# Exercise
Your answer must be the exact lines of the listing below that run from the line with "Projection spéciale du Bossu de Notre-Dame" to the line with "Fox Rpc Helmet Mips Glnt Ce/Cpsc", ends included, and no pictures.

# Supplied data

--- START ---

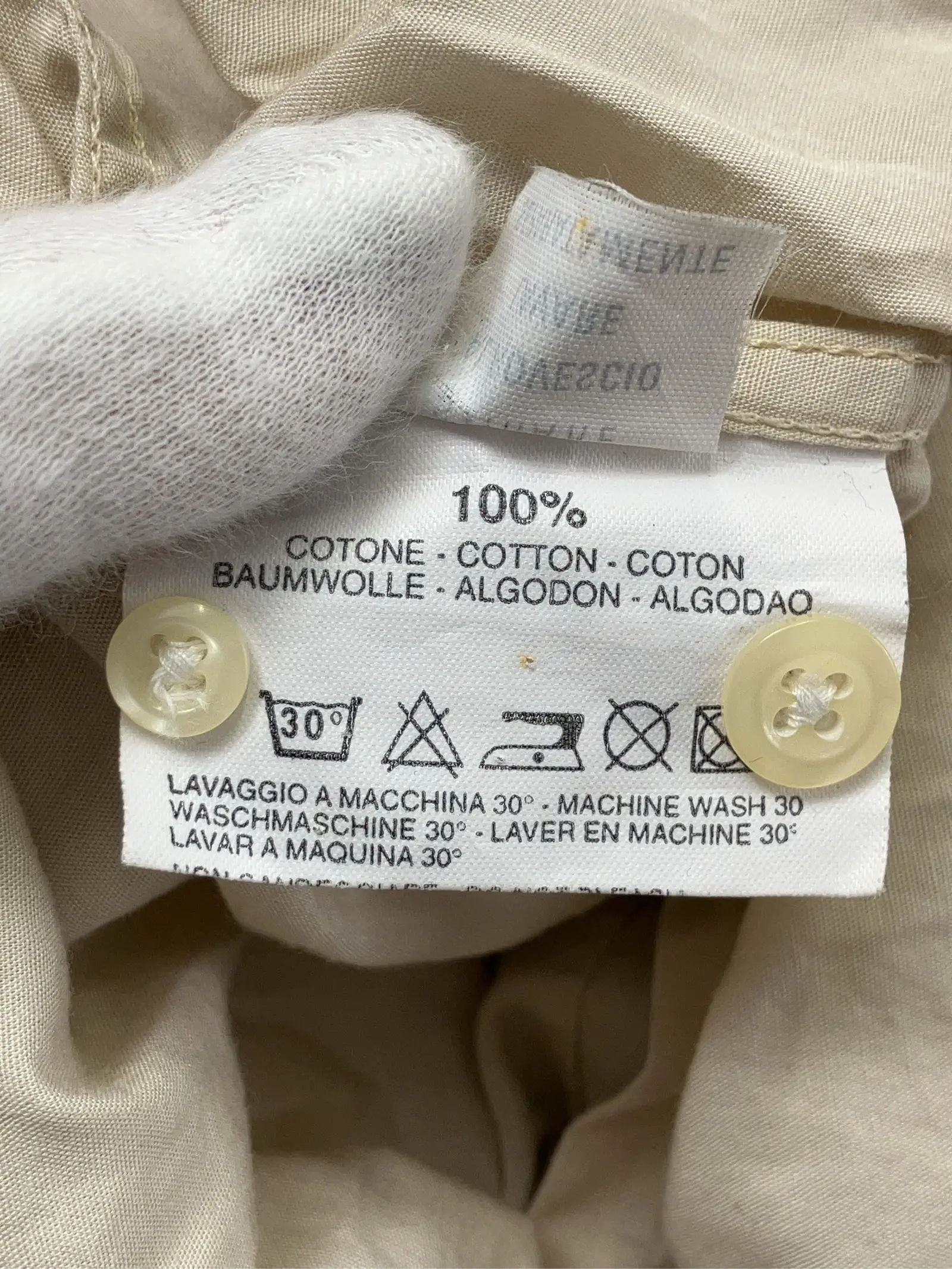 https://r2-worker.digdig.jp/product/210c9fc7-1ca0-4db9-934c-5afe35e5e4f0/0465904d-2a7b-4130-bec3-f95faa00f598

--- END ---
--- START ---

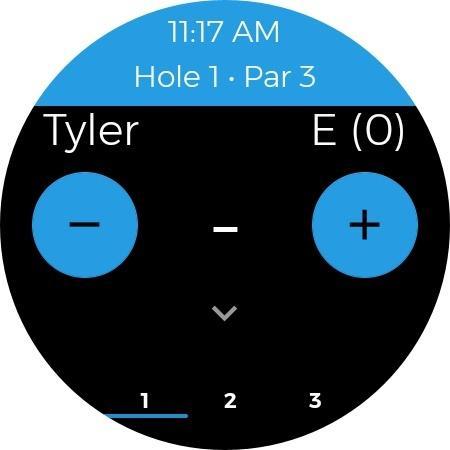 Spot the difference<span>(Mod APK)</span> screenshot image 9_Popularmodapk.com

--- END ---
--- START ---

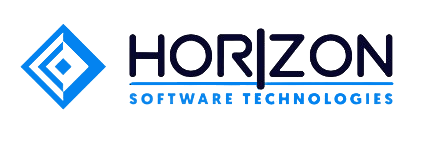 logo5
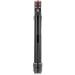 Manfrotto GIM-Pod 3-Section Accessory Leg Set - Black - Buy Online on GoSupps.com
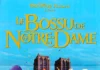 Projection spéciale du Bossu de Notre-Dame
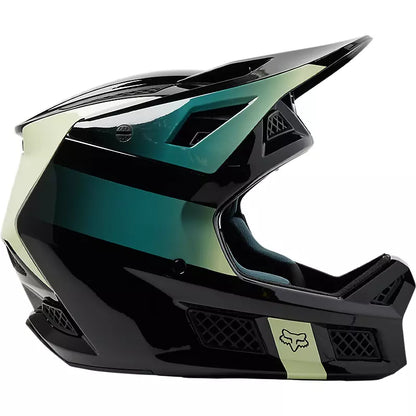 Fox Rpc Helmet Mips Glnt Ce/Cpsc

--- END ---

# Output below
 Projection spéciale du Bossu de Notre-Dame
 Fox Rpc Helmet Mips Glnt Ce/Cpsc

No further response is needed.